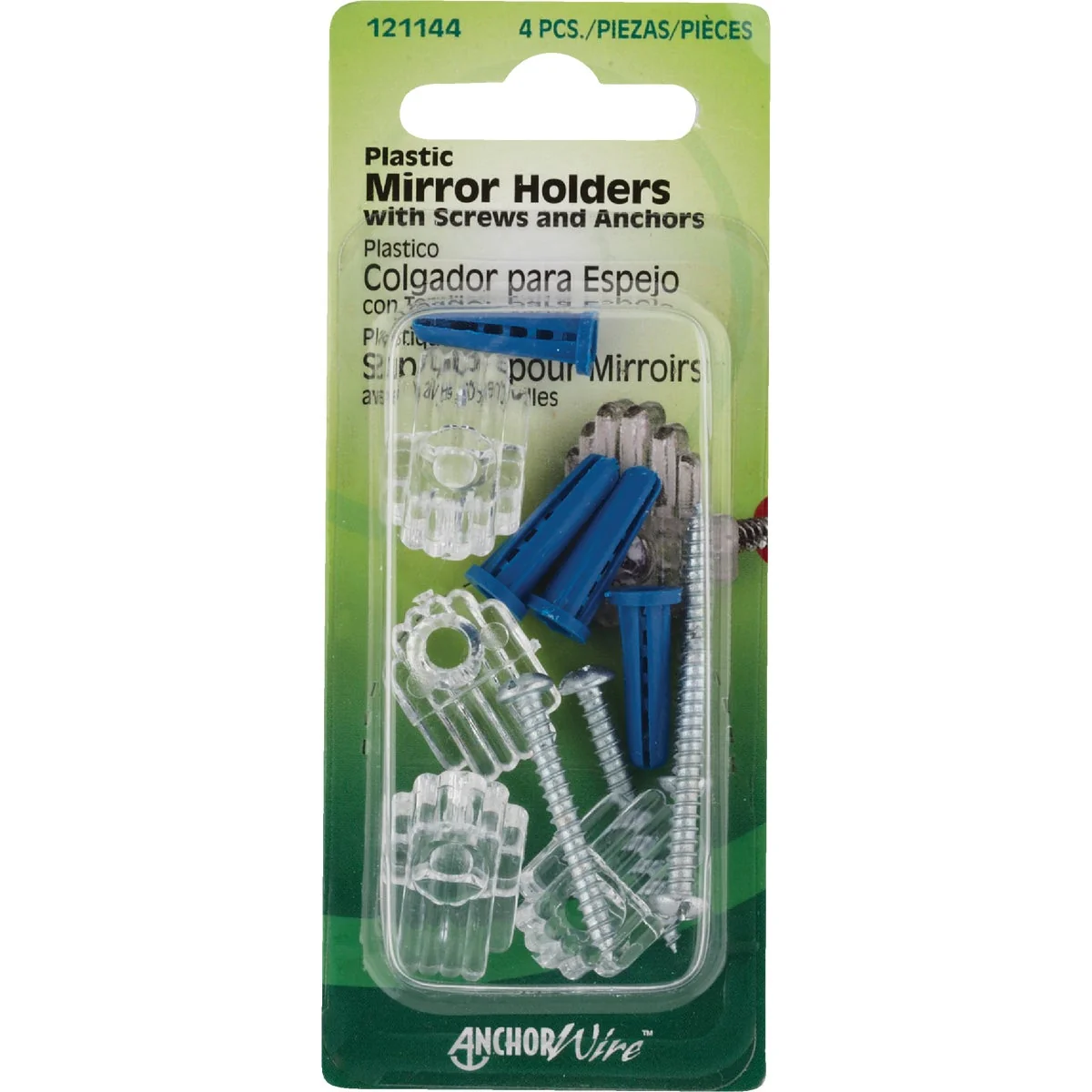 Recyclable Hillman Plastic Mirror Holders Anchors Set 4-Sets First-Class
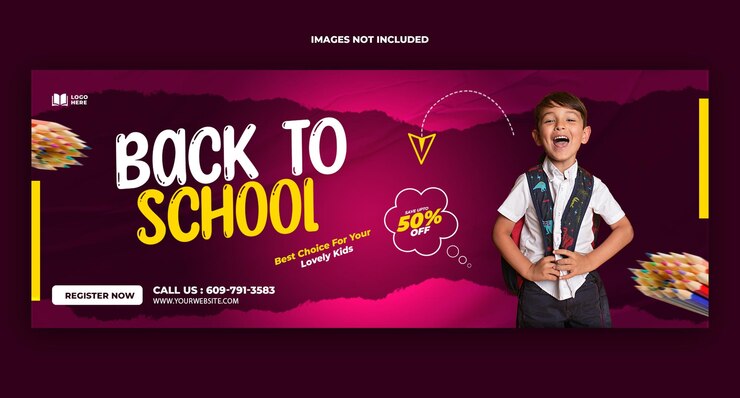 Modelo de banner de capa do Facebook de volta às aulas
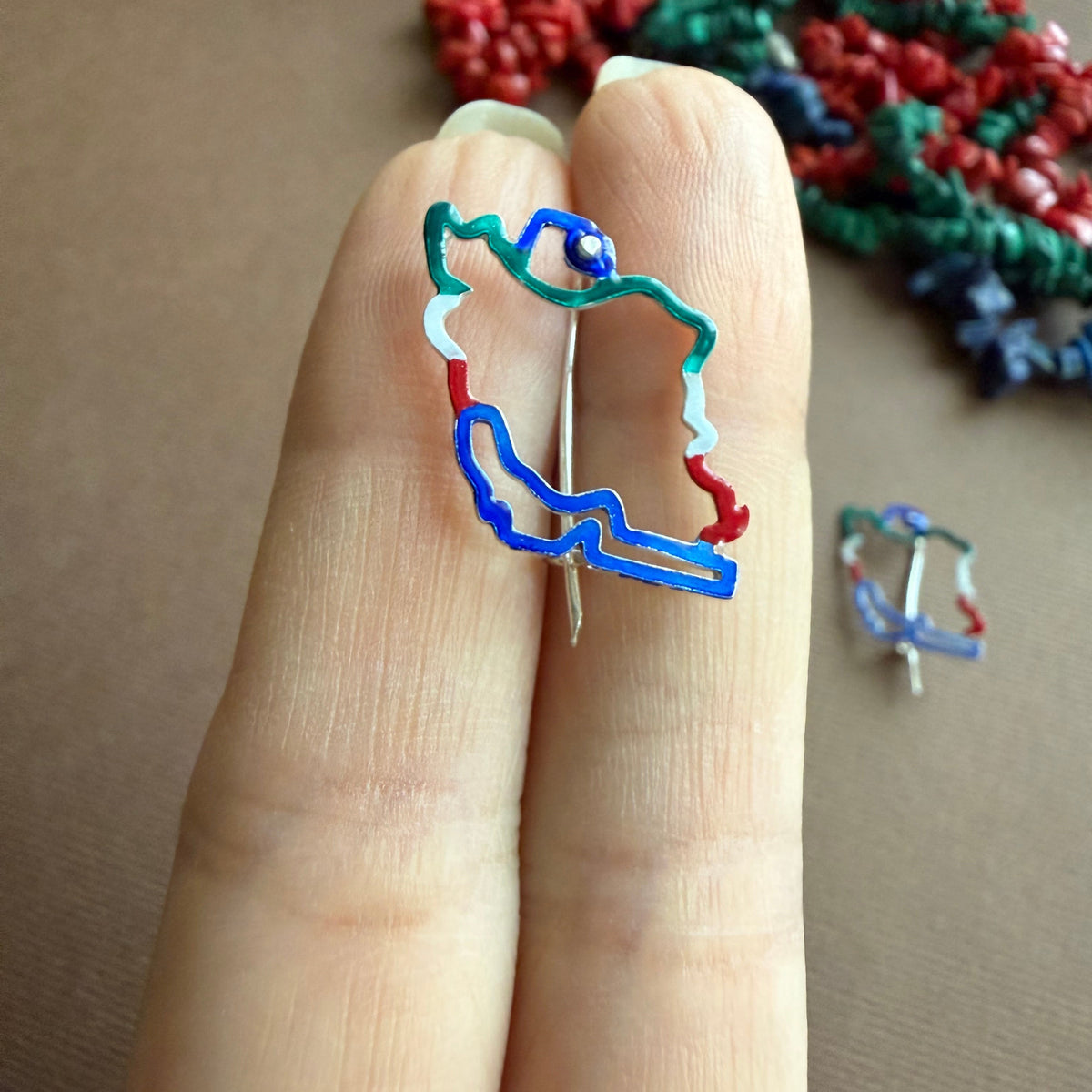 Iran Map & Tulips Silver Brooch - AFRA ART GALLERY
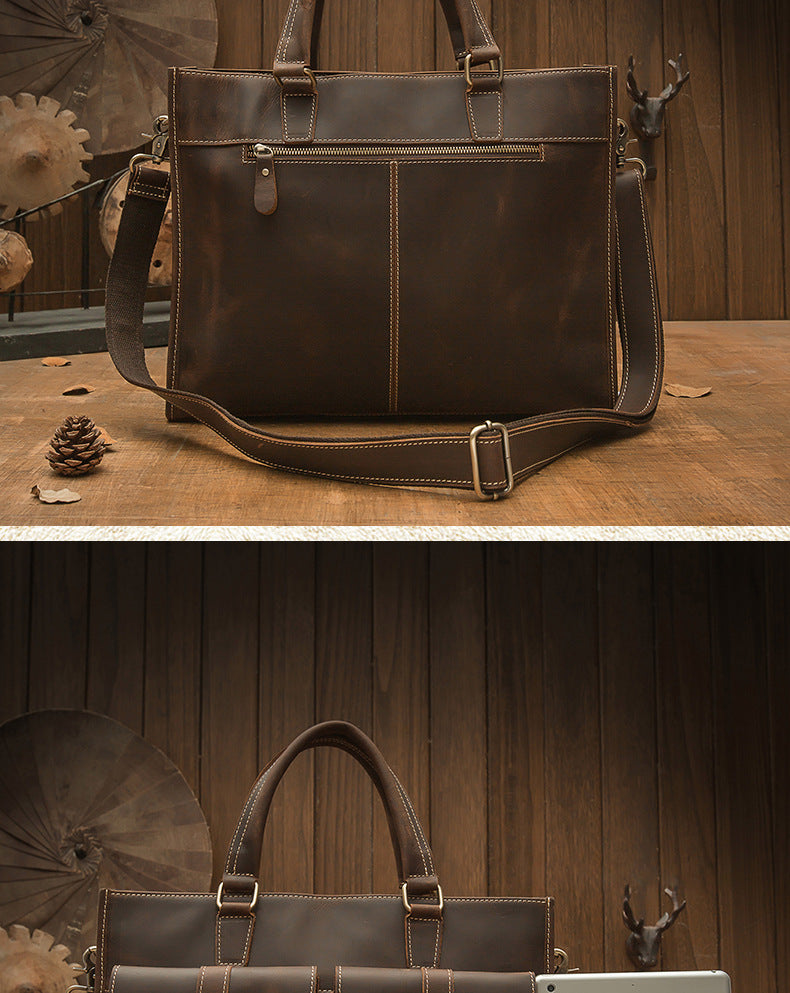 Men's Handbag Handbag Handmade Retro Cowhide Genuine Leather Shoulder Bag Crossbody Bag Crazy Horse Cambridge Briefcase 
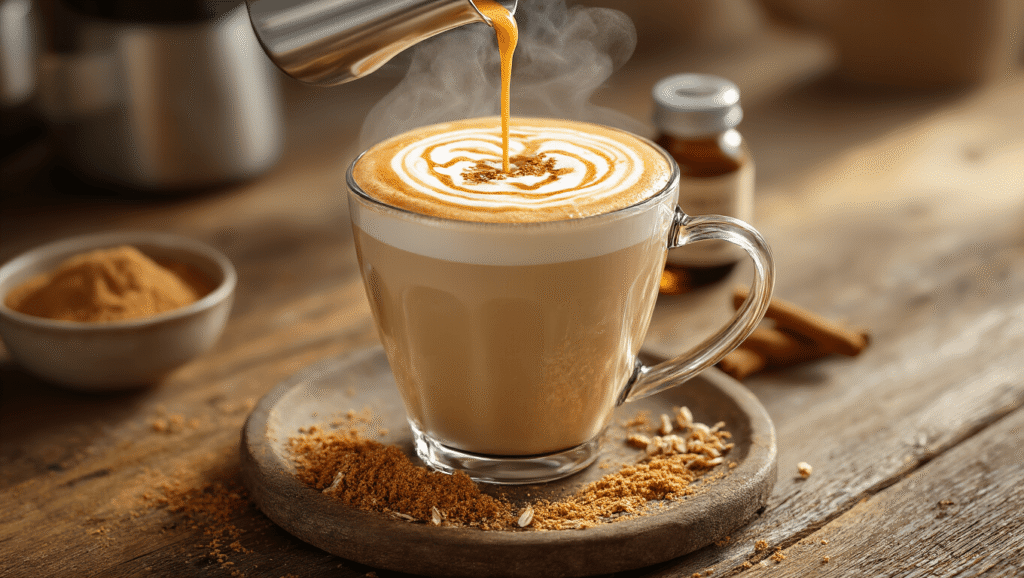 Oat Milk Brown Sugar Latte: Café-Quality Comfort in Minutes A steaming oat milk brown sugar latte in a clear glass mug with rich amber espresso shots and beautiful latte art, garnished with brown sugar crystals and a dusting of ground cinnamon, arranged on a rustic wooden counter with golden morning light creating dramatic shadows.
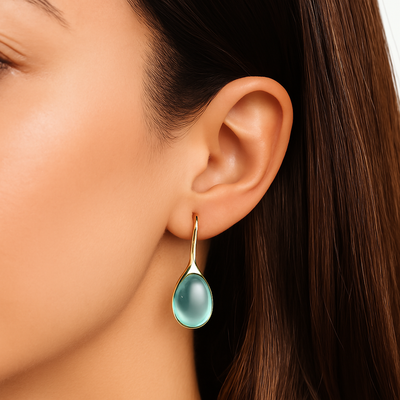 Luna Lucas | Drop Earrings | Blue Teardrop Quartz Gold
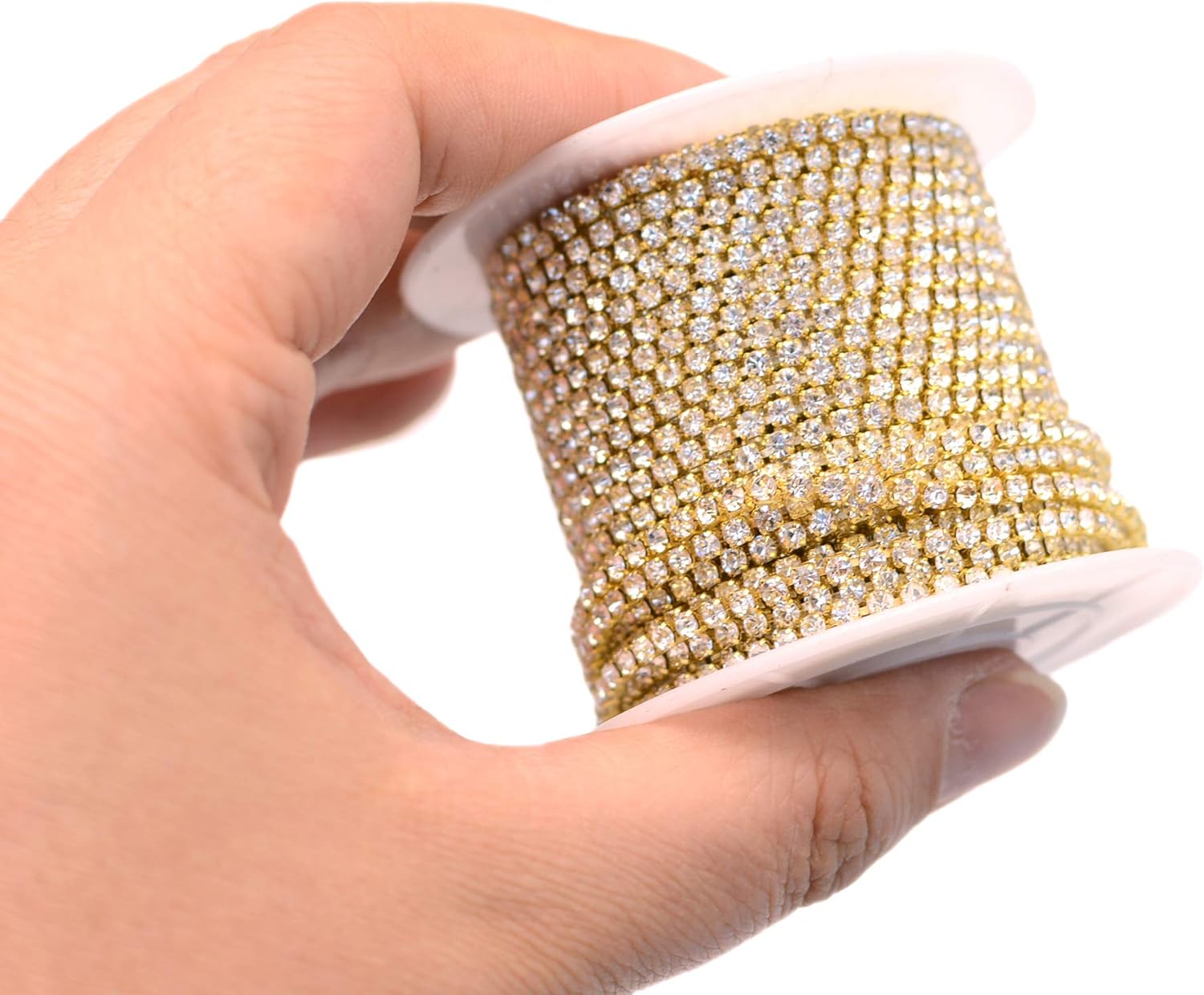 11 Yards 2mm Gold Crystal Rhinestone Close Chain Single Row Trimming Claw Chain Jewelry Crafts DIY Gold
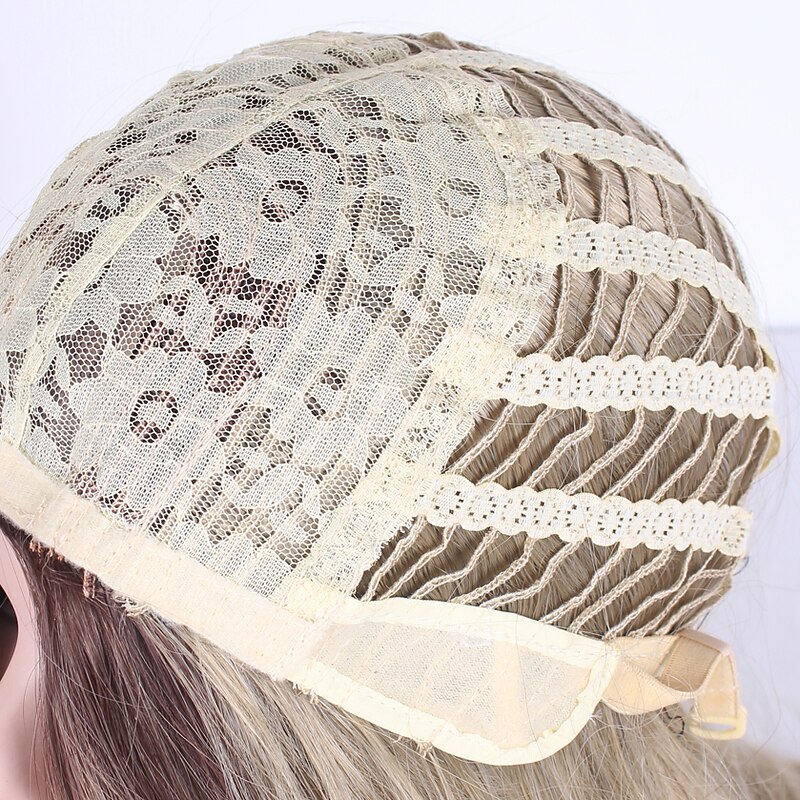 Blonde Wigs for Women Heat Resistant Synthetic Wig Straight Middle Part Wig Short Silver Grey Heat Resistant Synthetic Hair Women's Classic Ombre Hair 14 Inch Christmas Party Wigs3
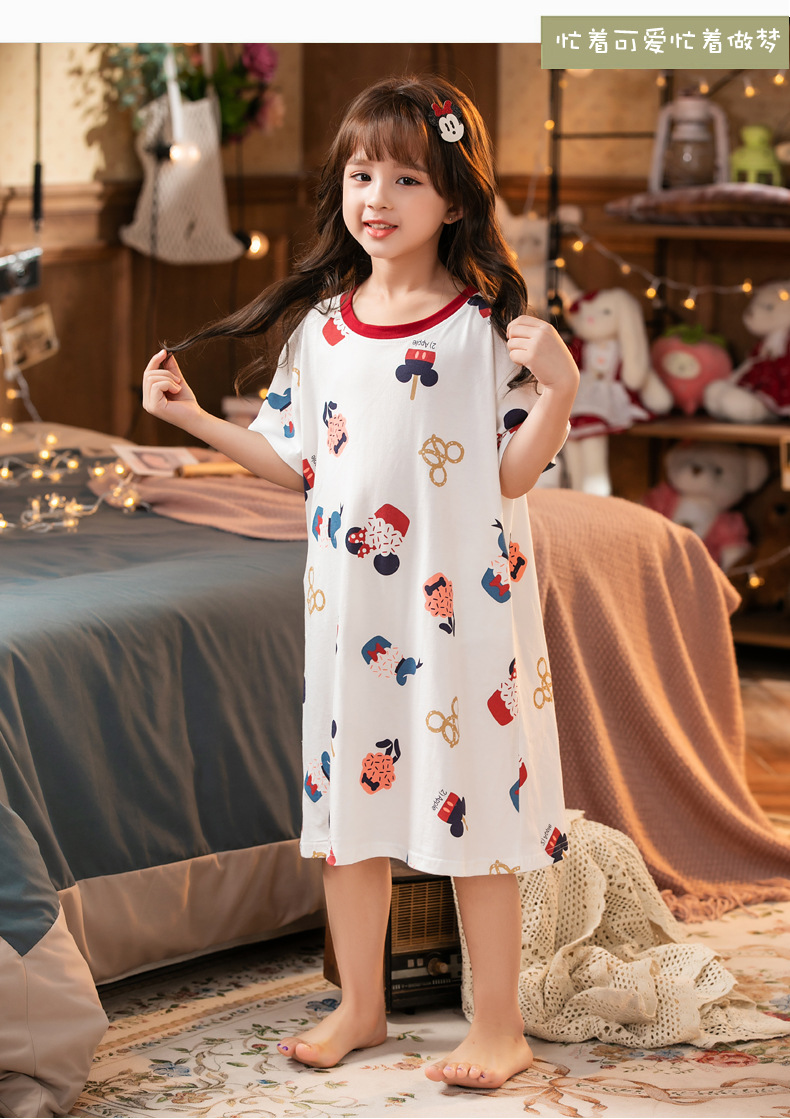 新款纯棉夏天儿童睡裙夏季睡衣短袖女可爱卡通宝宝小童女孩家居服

■ ■ ■ ■ ■ ■ ■

Print nothing except the lines from the one with "11 Yards 2mm" through the last line of the listing, exactly as written and with pictures removed.

 11 Yards 2mm Gold Crystal Rhinestone Close Chain Single Row Trimming Claw Chain Jewelry Crafts DIY Gold
 Blonde Wigs for Women Heat Resistant Synthetic Wig Straight Middle Part Wig Short Silver Grey Heat Resistant Synthetic Hair Women's Classic Ombre Hair 14 Inch Christmas Party Wigs3
 新款纯棉夏天儿童睡裙夏季睡衣短袖女可爱卡通宝宝小童女孩家居服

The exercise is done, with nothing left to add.